レシピから開発した惣菜を3つの自社工場で量産

また、食品分野でも、イズミならではの強さを支える要素があります。それは、高級和牛などの精肉や地域に根ざした地場産品など、付加価値の高い品揃えに力を注いできたことです。

とくに、地場産品については、たとえばゆめタウン高松(香川県)では地元ブランドのトラウトサーモン「讃岐さーもん」を販売し、ゆめタウン筑紫野(福岡県)にはJAの協力のもと新鮮な地元野菜を揃えたコーナーを設けるなど、それぞれの地域で生まれ親しまれてきた肉、魚、野菜、果物を取り込んだ特色のある売場づくりが、お客さんからの熱い支持につながっているのです。

さらに、他のGMSと一線を画しているのが、惣菜です。出来合いのものを仕入れて並べるのではなく、お客さんの嗜好を見極めてレシピから開発した惣菜を自社工場で作って提供しているのです。

現在、工場は広島市内に2カ所、福岡県八女市に1カ所の計3工場が稼働しています。さらに、2020年完成を目指して、広島市内に新工場を建設しています。自社工場を持つことで、お客さんのニーズに寄り添った商品を提供できるとともに、いいものを安く提供するためのコストダウンを図ることも可能になります。

たとえば、食品工場では膨大な量の水が必要になりますが、広島市内の深川町にある工場では、地下水を利用することで、経費を大幅に削減することができました。

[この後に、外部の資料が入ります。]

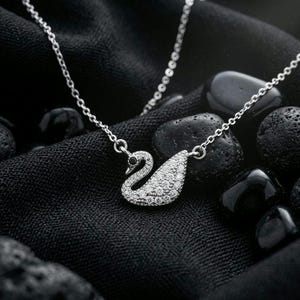 May include: A silver-toned necklace featuring a swan-shaped pendant. The swan body is encrusted with numerous small, clear, sparkling stones, while the eye is accented with a single, small, dark stone. The pendant hangs from a delicate silver chain.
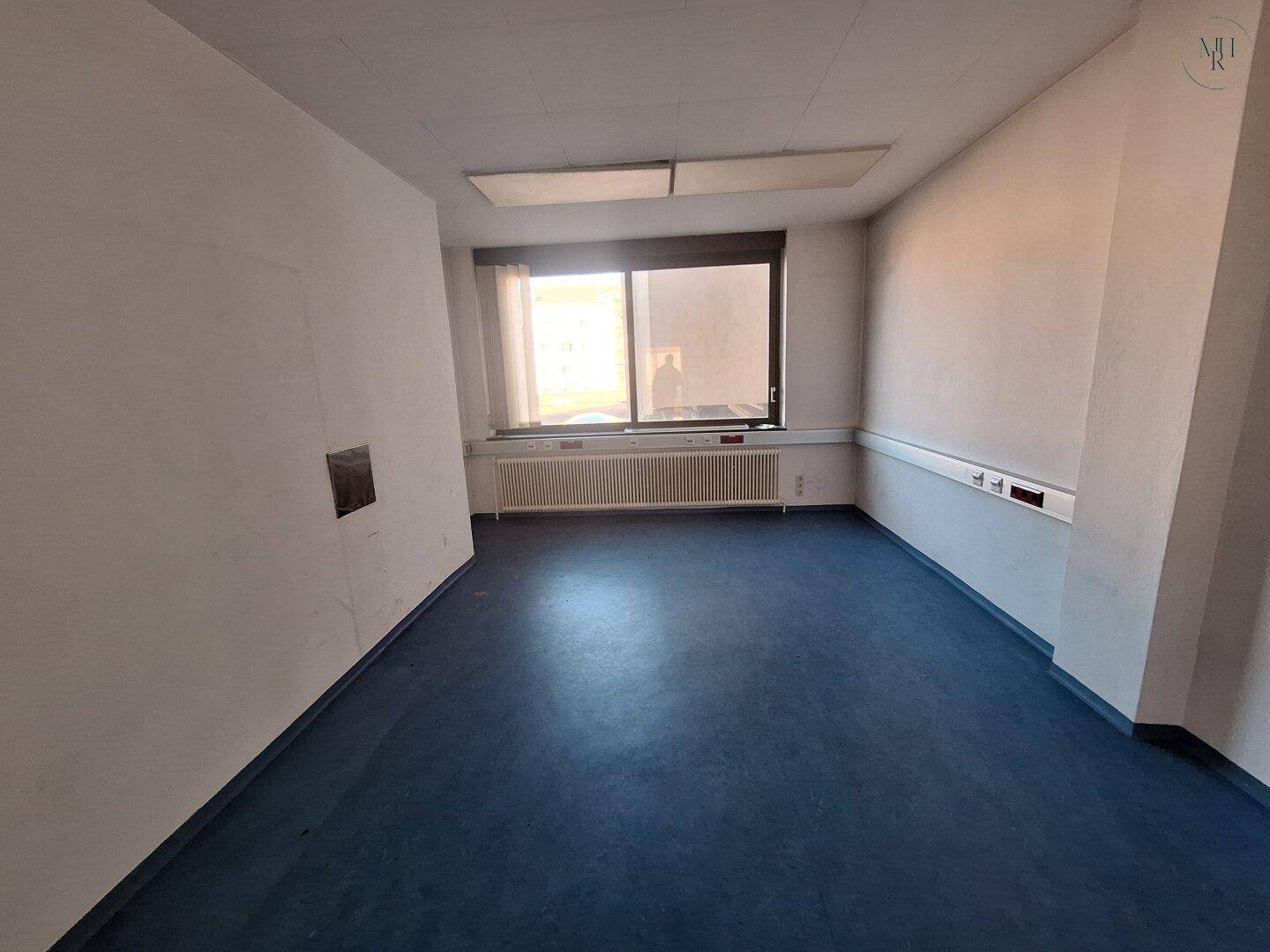 Schlichter Büroraum mit blauem Boden, einem Fenster mit Jalousien und einem Heizkörper unter der Fensterbank.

ライバル社さんも最近では「地場商品」に力を入れた品揃えをしていますが、イズミは最初からそれをやっていたわけです。

「地域一番店」になることが生き残りの条件

GMSとして生き残り、成長をつづけるための条件とはなんでしょうか?

それは、何よりもまず「地域一番店」になることだと考えます。

マーケットがある程度大きなエリアで最大規模の店を展開するというスケールメリットは、計り知れないものがあります。ここにきて百貨店の凋落が目立つようになってきたこともあり、もう「何でも屋」の時代は過ぎ去ったかのようにいわれていますが、衣食住すべてを扱い、ここに来れば何でも揃う、という利便性は、まだまだ訴求力があるはずです。

ただし、中途半端ではダメです。他店を圧倒する規模、スケールが不可欠です。

圧倒的に強い店舗を作るには、初期投資が重要となってきます。地域一番店を目指すのであれば、「この程度でいいだろう」という妥協は禁物で、立地、敷地面積、建物の規模などすべての面で、“地域で一番”にこだわりぬく必要があります。